Although one data movement optimization apparatus 10, one OLTP system 20, and one OLAP system 30 have been illustrated, functions thereof may be realized by a plurality of server computers. Further, the data movement optimization apparatus 10, the OLTP system 20, and the OLAP system are server computers, but these are not limited thereto and may be computer devices such as general-purpose personal computers (PCs), mobile computers, mobile phones, smartphones, and tablets.

The data movement optimization apparatus 10, the OLTP system 20, and the OLAP system 30 have similar hardware configurations. That is, the data movement optimization apparatus 10 includes a central processing unit (CPU) 11, a memory 12, a storage device 13, and a network interface 14. Similarly, the OLTP system 20 includes a CPU 21, a memory 22, a storage device 23, and a network interface 24. Further, the OLAP system 30 includes a CPU 31, a memory 32, a storage device 33, and a network interface 34.

The CPUs 11, 21, and 31 execute programs such as an OS (basic software) or application software. The memories 12, 22, and 32 include a read only memory (ROM) having a basic input output system (BIOS) and the like stored therein, and a random access memory (RAM) used as a main storage device.

The storage devices 13, 23, and 33 are, for example, hard disk drives (HDDs) or solid state drives (SSDs), and store application software and the like. Further, data in the OLTP database is stored in the storage device 23, and data in the OLAP database is stored in the storage device 33.

The network interfaces 14, 24, and 34 are communication modules for performing communication with an external apparatus.

Further, the data movement optimization apparatus 10, the OLTP system 20, and the OLAP system 30 may include an output device. An example of the output device may include a display that displays images, and other information. The data movement optimization apparatus 10, the OLTP system 20, and the OLAP system 30 may also include an input device. An example of the input device may include a keyboard that inputs characters or the like, and a pointing device such as a mouse.

The network 40 is communication means that is used for data communication between the data movement optimization apparatus 10, the OLTP system 20, and the OLAP system 30, and is, for example, the Internet, a local area network (LAN), or a wide area network (WAN). A communication line that is used for data communication may be wired or wireless, and both may be used. Further, the data movement optimization apparatus 10, the OLTP system 20, and the OLAP system 30 may be connected via a plurality of networks or communication lines using a relay device such as a gateway device or a router.

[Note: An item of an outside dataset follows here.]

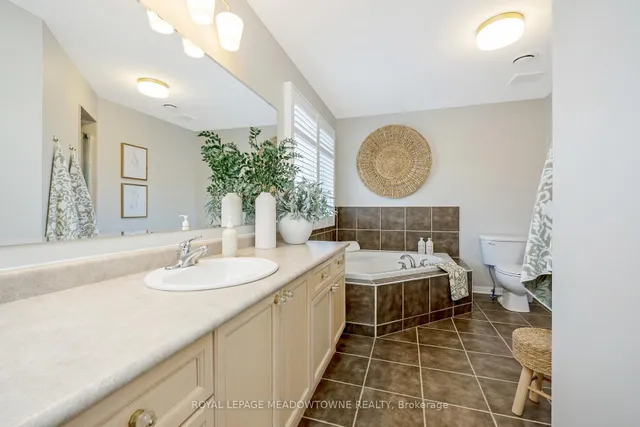 Additional image 26 of 792 Rayner Crt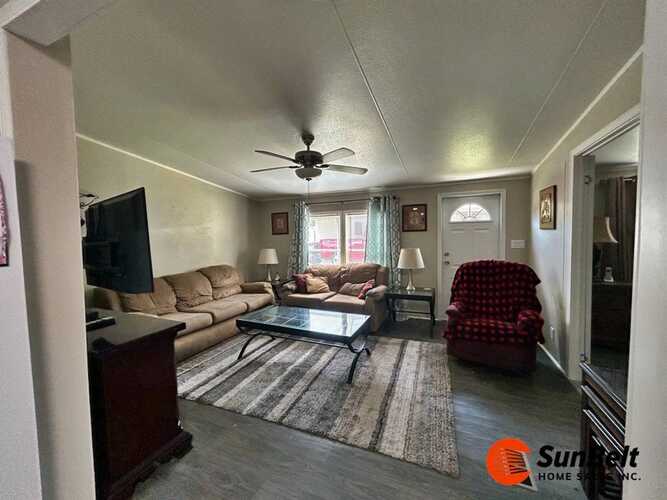 Listing Photo 8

Overview of Operation of Information Processing System 1

The information processing system 1 operates under the HTAP architecture. In the HTAP architecture, both transaction processing and analytical processing are supported, and both processing can be performed according to a request from the user. Therefore, when the request from the user is for transaction processing, processing is performed through an application software that performs transaction processing using the OLTP system 20. Further, when the request from the user is for analytical processing, processing is performed through application software that performs analytical processing using the OLAP system 30. Further, as described above, the OLTAP database stores recent data, and the OLTP database stores data with emphasis on past data rather than the recent data. Therefore, in the HTAP architecture, it is necessary to perform movement of data from the OLTP database to the OLAP database. There is a method of performing the movement periodically, such as every day or every year as a timing at which the movement of the data is performed. However, a cost is incurred for movement of data. Here, the “cost” is, for example, a cost incurred for use of the CPUs 11 and 21, a cost incurred for reading or writing of data from or to the OLTP database or the OLAP database, and a cost incurred for communication using the network 40. Among these, a cost incurred for writing of data is particularly high.

Further, since only relatively old data is stored in the OLAP database, querying data earlier than a period of data stored in the OLAP database is sometimes desired at the time of analytical processing. That is, since the OLTP database includes earlier data than that of the OLAP database, it is possible to perform analytical processing on more recent data by using the data in the OLTP database. However, in this case, queries (federated queries) that perform analytical processing on the data stored in the OLTP database occur. This is processing in which querying both the OLTP and OLAP databases is required.

FIG. 2 is a diagram illustrating a case in which federated queries occur.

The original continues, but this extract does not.